“What’s the big fear of being looked at by a gay person? Why do some straight men feel their masculinity — their very heterosexuality — will be questioned if a gay teammate sees his penis in the shower, or if a gay man at a club tells him he looks handsome that night? Are these men afraid of a pack of gay wolves lurking in corners of locker rooms, ready to pounce on unsuspecting straight athletes if they allow a gay man to look at them? Are they afraid a casual glance will somehow turn into more? Hardly.
… they’re afraid of what it means if they don’t mind it… afraid of what it means if they aren’t sickened.”
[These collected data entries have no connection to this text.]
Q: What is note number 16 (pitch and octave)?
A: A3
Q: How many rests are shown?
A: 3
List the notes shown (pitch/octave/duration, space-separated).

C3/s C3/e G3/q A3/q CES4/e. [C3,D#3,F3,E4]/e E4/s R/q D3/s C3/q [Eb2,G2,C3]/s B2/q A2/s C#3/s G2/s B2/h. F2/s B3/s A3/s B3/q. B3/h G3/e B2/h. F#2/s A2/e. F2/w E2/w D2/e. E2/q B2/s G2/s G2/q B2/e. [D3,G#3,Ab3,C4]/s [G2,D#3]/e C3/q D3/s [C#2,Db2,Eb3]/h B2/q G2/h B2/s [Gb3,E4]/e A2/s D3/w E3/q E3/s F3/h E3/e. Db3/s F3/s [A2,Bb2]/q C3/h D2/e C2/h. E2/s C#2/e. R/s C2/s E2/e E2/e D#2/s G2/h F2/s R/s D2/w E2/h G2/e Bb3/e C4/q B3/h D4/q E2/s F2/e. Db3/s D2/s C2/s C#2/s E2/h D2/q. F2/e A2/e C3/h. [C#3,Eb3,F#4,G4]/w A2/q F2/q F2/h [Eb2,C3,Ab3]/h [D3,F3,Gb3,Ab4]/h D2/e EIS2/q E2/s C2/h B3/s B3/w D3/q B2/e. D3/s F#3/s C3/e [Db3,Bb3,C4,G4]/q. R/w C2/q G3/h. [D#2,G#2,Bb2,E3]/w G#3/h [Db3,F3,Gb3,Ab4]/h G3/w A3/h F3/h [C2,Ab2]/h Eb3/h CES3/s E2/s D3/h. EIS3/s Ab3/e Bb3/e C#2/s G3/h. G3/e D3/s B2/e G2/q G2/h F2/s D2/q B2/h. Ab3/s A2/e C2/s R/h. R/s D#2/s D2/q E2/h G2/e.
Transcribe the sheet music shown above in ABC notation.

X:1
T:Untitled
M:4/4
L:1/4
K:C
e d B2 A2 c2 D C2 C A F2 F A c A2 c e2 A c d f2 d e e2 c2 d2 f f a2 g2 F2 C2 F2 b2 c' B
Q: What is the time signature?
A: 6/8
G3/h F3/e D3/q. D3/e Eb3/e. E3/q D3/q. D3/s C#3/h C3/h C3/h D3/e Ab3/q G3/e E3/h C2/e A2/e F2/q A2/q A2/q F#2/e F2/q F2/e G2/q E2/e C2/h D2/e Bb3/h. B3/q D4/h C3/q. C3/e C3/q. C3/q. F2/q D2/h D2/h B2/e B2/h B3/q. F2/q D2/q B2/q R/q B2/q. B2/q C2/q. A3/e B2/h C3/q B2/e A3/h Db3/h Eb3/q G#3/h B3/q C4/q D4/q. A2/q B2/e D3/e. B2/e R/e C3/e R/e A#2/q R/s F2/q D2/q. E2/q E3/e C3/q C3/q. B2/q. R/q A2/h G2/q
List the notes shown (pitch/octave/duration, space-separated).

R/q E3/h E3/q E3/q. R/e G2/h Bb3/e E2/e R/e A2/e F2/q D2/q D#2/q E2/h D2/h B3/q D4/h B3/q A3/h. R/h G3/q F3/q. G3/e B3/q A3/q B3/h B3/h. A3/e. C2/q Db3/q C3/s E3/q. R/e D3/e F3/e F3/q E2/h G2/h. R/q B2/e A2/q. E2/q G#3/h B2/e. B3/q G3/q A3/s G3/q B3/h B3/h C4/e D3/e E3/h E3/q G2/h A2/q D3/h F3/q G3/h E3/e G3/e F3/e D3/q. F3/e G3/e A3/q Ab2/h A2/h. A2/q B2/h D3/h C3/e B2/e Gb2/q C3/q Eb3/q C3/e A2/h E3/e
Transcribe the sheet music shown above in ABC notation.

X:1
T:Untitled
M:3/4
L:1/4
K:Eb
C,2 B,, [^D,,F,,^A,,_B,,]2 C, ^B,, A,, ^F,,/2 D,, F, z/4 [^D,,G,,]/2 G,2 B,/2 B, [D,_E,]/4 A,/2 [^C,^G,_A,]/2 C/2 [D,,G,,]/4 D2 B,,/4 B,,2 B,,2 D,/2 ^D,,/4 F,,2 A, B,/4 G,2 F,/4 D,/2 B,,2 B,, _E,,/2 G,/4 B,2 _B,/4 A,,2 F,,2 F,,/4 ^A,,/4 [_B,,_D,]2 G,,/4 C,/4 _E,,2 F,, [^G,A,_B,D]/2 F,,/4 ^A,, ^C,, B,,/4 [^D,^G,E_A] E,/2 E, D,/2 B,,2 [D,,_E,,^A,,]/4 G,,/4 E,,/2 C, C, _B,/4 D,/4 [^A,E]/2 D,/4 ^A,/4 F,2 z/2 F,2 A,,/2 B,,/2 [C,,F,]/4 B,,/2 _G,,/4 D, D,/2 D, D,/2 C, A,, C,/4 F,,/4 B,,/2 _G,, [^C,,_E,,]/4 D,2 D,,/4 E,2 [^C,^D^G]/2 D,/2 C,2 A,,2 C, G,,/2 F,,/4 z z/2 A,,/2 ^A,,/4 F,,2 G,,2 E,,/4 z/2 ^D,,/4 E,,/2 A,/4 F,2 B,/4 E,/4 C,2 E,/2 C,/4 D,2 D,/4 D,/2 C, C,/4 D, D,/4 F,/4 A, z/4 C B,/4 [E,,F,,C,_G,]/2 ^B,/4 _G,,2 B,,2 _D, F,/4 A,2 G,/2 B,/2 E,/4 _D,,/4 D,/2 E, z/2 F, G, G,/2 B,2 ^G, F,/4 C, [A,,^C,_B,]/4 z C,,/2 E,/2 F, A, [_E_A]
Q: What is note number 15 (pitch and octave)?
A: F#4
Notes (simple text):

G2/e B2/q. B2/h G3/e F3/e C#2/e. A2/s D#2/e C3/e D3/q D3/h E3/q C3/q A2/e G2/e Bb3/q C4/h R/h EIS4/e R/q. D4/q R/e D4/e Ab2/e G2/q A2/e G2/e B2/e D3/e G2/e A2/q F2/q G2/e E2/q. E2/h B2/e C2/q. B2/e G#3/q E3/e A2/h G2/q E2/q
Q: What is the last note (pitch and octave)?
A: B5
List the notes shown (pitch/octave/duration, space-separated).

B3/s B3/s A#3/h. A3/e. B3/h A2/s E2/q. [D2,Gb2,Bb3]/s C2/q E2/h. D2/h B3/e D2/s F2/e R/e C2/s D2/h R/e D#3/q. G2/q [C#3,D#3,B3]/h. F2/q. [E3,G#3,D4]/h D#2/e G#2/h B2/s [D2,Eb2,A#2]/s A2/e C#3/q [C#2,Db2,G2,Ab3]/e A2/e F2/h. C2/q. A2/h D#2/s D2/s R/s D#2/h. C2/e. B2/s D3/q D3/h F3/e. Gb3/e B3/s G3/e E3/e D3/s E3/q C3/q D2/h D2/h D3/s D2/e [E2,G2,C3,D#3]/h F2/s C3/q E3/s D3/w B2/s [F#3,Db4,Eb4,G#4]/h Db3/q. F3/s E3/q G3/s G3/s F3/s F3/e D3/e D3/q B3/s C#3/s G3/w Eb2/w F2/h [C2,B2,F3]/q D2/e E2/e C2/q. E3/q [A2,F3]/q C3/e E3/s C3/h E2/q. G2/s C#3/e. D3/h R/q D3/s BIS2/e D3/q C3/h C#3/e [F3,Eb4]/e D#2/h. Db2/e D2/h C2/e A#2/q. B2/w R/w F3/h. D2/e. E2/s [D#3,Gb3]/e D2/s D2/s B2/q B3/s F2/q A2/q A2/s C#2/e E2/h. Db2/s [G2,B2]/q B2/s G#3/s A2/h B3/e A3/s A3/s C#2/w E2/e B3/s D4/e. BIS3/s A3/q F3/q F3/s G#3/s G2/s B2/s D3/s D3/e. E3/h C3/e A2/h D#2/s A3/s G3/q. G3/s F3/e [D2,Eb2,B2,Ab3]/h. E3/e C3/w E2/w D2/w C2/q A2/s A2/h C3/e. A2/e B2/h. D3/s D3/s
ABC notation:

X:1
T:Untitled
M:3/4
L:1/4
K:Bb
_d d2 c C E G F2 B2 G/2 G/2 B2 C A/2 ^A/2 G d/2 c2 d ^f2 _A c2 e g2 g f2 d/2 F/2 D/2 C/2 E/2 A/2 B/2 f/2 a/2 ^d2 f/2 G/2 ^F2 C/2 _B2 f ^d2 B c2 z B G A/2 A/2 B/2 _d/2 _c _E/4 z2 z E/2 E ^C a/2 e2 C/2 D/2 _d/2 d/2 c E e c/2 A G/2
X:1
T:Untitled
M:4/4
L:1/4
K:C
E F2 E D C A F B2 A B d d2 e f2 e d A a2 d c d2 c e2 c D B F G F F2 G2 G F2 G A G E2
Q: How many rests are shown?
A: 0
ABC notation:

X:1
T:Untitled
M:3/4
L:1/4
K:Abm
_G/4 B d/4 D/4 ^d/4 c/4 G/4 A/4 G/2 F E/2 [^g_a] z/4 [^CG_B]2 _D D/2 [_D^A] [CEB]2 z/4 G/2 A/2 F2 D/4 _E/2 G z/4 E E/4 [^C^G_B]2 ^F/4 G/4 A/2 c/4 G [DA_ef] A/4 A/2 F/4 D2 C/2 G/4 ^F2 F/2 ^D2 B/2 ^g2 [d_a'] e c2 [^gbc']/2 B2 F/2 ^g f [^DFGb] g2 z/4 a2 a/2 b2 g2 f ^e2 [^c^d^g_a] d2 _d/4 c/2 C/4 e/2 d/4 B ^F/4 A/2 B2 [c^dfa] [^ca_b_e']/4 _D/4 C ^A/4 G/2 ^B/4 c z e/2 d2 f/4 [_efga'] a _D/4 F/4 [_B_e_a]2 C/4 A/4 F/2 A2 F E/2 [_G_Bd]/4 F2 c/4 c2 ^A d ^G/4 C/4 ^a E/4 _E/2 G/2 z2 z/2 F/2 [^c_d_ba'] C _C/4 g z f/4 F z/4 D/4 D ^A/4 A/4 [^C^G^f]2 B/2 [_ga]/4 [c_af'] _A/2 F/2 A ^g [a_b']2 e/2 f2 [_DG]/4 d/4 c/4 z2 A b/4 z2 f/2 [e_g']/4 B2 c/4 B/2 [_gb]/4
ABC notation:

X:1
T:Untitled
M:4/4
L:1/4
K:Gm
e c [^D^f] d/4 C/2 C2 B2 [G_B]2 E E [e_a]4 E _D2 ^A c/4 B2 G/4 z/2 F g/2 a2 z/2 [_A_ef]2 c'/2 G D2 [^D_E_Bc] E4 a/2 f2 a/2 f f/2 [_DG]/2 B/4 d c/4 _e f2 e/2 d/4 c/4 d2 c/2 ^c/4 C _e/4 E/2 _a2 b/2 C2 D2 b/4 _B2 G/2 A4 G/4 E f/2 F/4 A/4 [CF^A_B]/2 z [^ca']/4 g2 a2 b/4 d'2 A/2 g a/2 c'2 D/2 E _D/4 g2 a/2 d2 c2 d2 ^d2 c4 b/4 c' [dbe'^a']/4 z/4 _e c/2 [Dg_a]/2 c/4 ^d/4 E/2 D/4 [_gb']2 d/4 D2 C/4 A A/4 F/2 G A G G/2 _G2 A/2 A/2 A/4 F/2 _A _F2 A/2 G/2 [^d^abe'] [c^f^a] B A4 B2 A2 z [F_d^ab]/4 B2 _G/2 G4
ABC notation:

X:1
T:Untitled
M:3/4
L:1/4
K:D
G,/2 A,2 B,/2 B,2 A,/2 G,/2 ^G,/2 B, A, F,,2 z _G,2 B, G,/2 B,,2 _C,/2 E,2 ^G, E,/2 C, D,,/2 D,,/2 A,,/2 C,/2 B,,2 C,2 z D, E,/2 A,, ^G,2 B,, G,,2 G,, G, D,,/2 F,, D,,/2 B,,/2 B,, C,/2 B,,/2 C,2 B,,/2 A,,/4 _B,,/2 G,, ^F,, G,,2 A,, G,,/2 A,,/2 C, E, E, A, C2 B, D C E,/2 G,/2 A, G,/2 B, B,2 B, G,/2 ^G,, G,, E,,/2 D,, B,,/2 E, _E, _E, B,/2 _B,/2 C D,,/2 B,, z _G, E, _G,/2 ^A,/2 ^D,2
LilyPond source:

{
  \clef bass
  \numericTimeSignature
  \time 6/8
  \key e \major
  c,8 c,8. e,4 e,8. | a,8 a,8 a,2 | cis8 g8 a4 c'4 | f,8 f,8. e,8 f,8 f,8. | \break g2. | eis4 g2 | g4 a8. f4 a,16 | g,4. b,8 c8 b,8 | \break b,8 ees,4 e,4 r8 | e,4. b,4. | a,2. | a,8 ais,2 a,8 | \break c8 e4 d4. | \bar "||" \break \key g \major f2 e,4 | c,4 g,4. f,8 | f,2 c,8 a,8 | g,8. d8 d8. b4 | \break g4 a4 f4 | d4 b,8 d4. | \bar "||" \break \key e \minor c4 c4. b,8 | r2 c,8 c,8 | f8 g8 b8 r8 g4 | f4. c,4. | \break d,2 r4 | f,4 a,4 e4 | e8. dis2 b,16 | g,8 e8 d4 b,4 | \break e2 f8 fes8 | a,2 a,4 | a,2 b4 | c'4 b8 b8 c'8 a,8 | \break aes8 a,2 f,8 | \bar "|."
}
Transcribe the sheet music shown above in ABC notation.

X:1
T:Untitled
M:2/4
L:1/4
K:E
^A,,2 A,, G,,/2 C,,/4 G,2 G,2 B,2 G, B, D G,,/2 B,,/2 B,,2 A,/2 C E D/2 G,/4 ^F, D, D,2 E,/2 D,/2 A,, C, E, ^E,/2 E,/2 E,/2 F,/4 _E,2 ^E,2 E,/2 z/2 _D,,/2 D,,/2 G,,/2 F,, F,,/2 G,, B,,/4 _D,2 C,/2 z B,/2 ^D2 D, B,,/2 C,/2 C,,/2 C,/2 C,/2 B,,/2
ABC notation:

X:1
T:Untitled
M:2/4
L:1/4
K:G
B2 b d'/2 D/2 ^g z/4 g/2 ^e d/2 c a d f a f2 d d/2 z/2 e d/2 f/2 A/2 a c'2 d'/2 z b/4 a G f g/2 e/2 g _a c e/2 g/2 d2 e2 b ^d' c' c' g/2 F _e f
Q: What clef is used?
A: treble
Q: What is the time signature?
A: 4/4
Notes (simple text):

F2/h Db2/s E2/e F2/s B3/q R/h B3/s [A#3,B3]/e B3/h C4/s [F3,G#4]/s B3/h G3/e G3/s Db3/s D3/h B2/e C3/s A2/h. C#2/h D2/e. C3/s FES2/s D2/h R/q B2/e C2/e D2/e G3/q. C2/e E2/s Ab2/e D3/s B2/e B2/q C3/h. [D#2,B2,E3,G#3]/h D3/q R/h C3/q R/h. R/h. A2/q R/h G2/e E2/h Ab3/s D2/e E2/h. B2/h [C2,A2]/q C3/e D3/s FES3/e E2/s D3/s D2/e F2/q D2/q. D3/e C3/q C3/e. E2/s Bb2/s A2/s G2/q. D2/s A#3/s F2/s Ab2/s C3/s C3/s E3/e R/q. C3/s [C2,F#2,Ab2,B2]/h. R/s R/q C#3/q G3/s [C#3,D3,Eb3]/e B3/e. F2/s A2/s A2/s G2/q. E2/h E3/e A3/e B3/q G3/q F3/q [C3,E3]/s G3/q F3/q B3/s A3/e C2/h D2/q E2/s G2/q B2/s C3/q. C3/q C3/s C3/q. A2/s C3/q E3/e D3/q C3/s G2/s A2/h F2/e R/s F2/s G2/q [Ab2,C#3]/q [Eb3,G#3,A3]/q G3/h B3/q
— An excerpt from Fair Play, the new book of Outsports.com founder and LGBT sports writer Cyd Ziegler, discussing “the Straight Fear of Gay Gaze in Locker Rooms”. Ziegler, who spoke with us about why the pro-sports world is less gay-friendly than the church and military, adds that while male athletes crave attention for their bodily appearance and ability, they often verbalize any willingness to accept a gay teammate with disclaimers like “as long as he knows how to behave” or “as long as he doesn’t hit on me”.
Similarly, supporters of transphobic “bathroom bills” also use fears of sexual predation and harassment to discriminately forbid trans people from public toilets and locker rooms as well.